**RECORDS SHOWN:**
- - - -
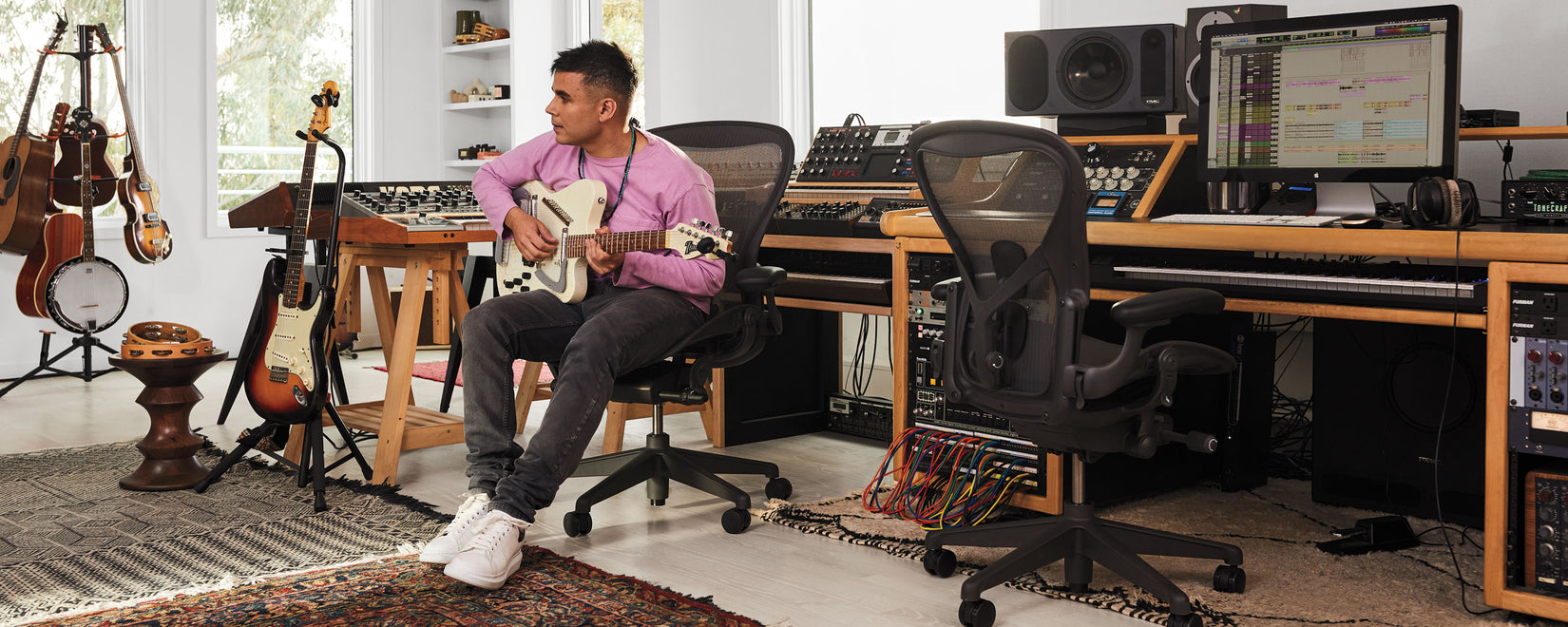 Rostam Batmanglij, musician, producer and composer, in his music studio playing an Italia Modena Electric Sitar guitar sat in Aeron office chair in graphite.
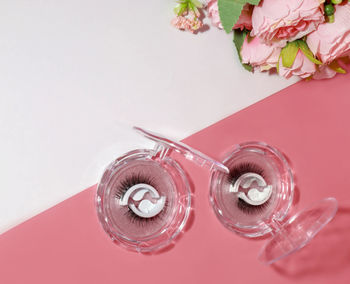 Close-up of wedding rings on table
- - - -
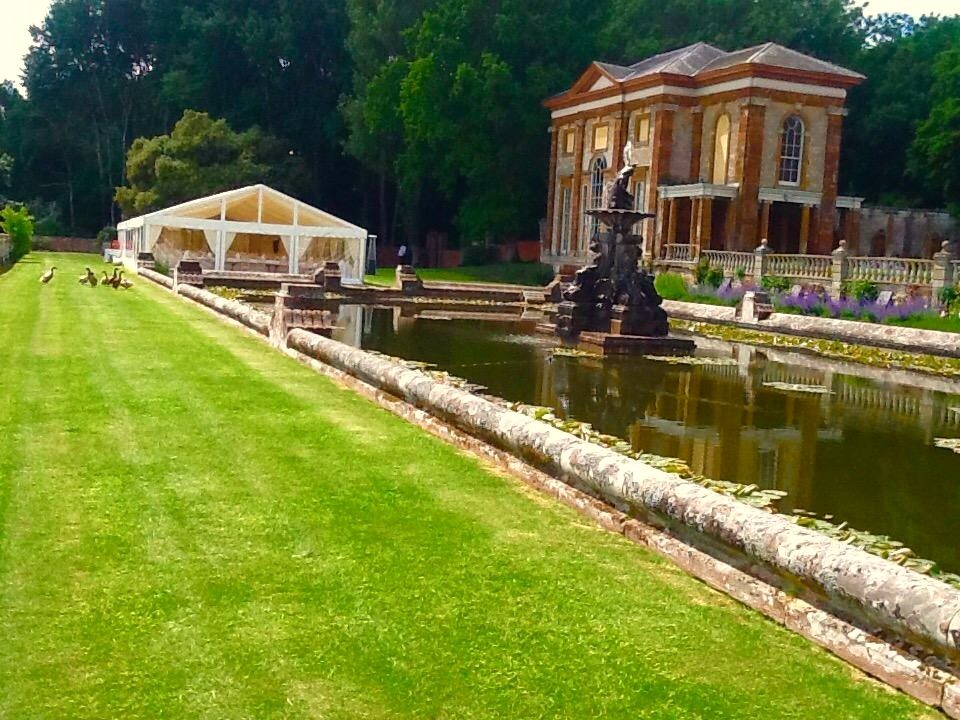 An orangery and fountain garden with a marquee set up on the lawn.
- - - -
**AIM OF THE EXERCISE:** Of all the material above, only the lines from the one that has "Rostam Batmanglij, musician, producer" down to the one that has "Close-up of wedding rings on table" are to be written out, exactly and with both ends included. Pictures are skipped.

**REPLY TO THE EXERCISE:**
 Rostam Batmanglij, musician, producer and composer, in his music studio playing an Italia Modena Electric Sitar guitar sat in Aeron office chair in graphite.
 Close-up of wedding rings on table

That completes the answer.